Loral Space & Communications Inc. is a Delaware-domiciled satellite communications company headed by Michael B. Targoff. The company was formed in 1996 from the remnants of Loral Corporation when Loral divested its defense electronics and system integration businesses to Lockheed Martin for $9.1 billion. In 2006, Bernard L. Schwartz retired after leading the company for 34 years.

Loral presently has an investment in Telesat Canada in partnership with the Public Sector Pension Investment Board of Canada, and merged into a new stock offering (TSAT) on the Nasdaq in November, 2020. The company also participates in a number of international and domestic joint ventures, including an ownership stake in XTAR.

==History==
On March 20, 1998, Loral completed the acquisition of Orion Network Systems, Inc., through the exchange of common stock. The transaction was valued at approximately $479 million.

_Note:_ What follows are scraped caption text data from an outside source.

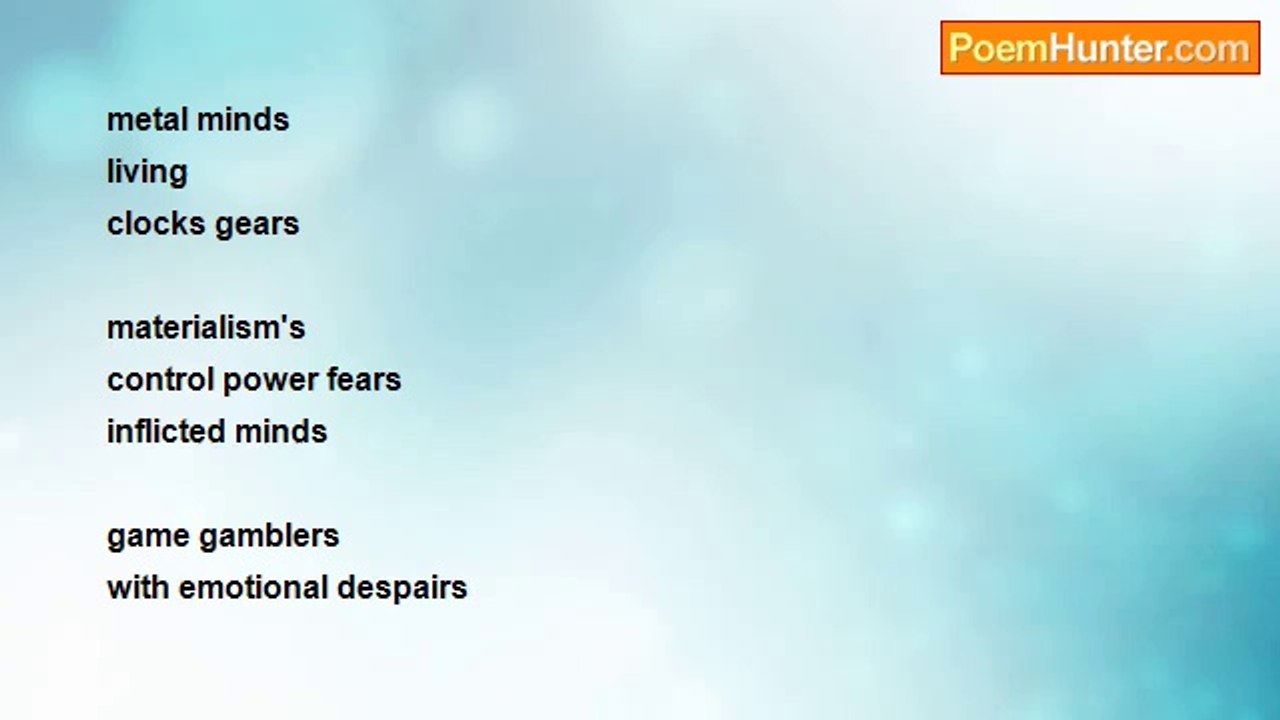Terence G. Craddock - Metal Minds Fears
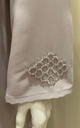 Soft pink Beaded Abaya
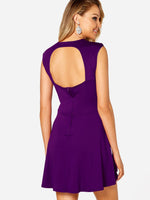 Custom Lilac Purple Lace Dress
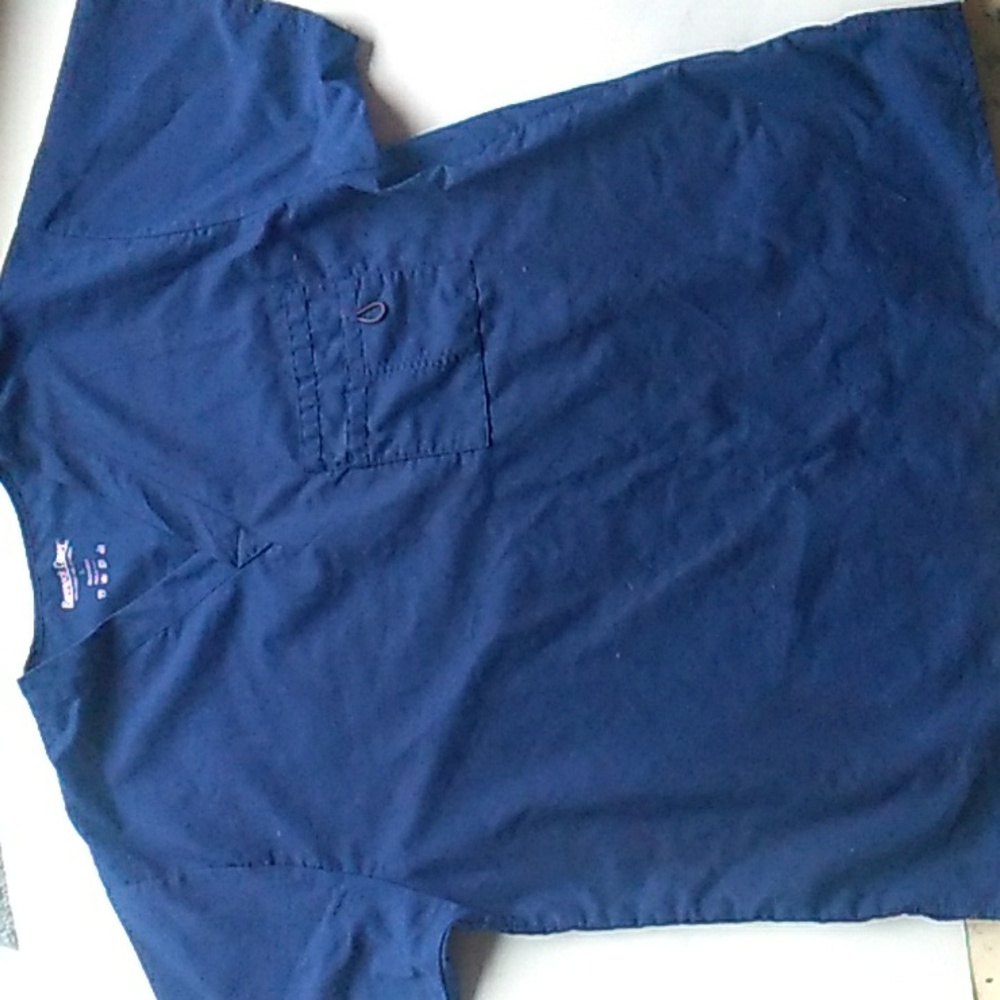 Navy Scrub Top size L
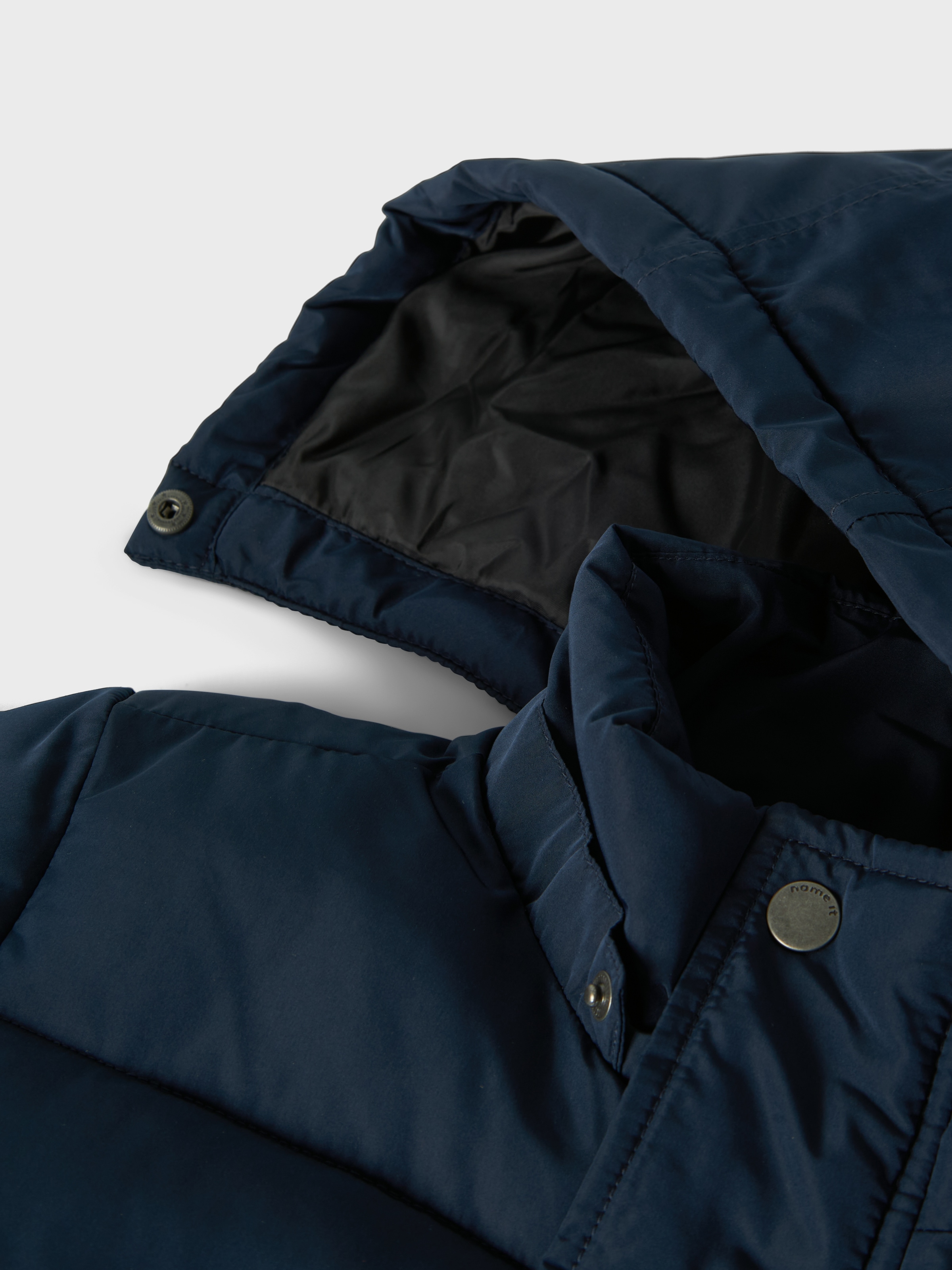 Name It Steppjacke »NKMMEMO JACKET TB«, mit Kapuze, mit dekorativen, reflektierenden Details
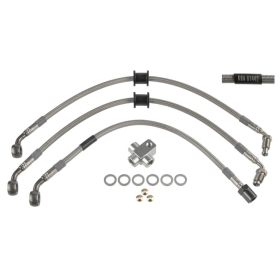 TRW Varioflex Steel Braided Hydraulic Brake Lines 3pcs Suzuki GSX-S 1000 ABS 22-25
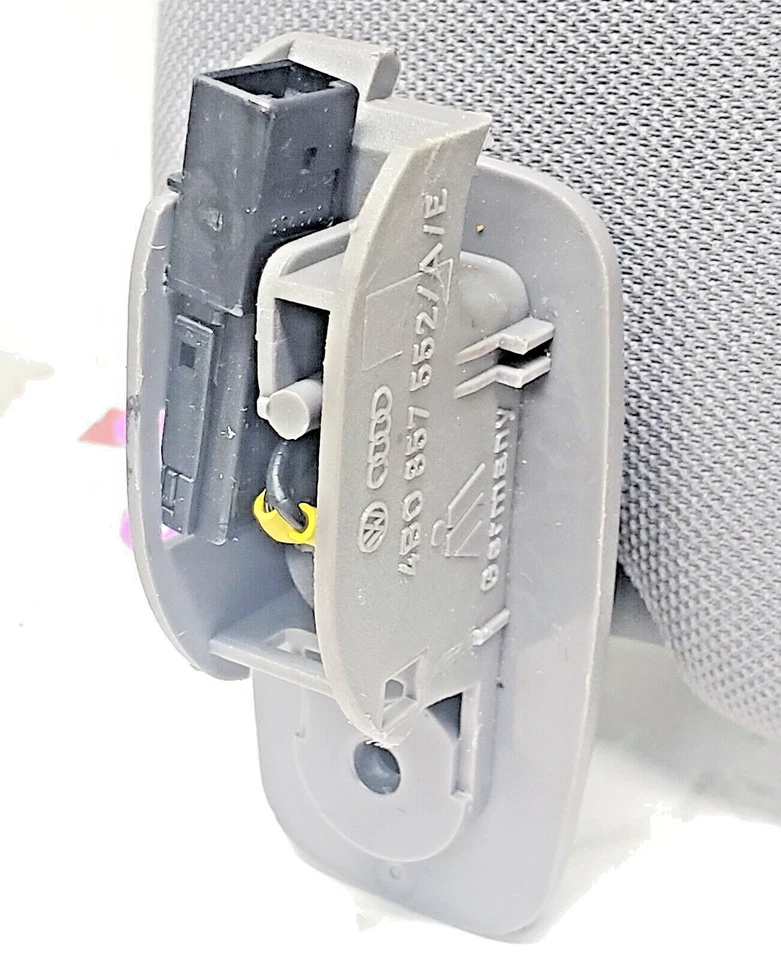 Parasol gris pasajero derecho Audi A6 2000-2004 OEM Foto 4 de 4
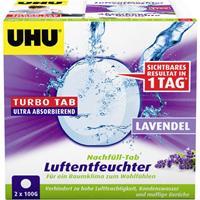 UHU Luftentfeuchter Nachfülltabs Lavendel, 2 x 100 g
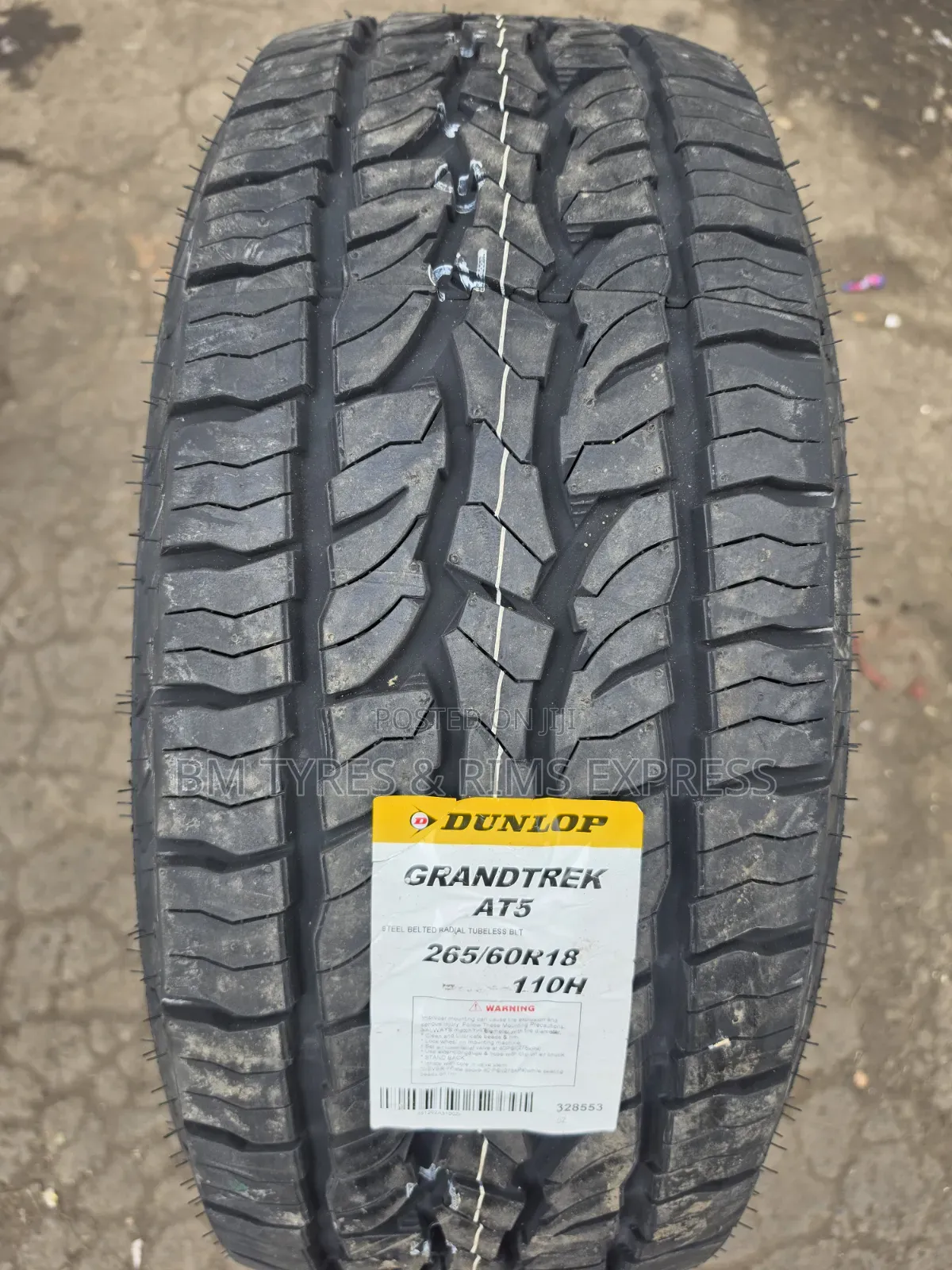 265 /60 R18 Dunlop Tires (All Terrain) At5.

In January 2002, Loral reached a settlement with the U.S. Government in a case relating to the company’s involvement in the disclosure of information during a review of a Chinese rocket launch failure in 1996. Loral agreed to pay a civil fine of $14 million to the State Department without admitting or denying the government’s charges. According to a House Select Committee, Loral under CEO Schwartz provided the Chinese government with advice regarding a guidance system for future PRC road-mobile intercontinental ballistic missiles. The Defense Technology Security Administration concluded Loral "committed a serious export control violation" and that the "significant benefits derived by China from these activities are likely to lead to improvements in the overall reliability of their launch vehicles [i.e., rockets] and ballistic missiles and in particular their guidance systems." Loral paid a total fine of $20 million, the largest that a company has ever paid under the Arms Export Control Act.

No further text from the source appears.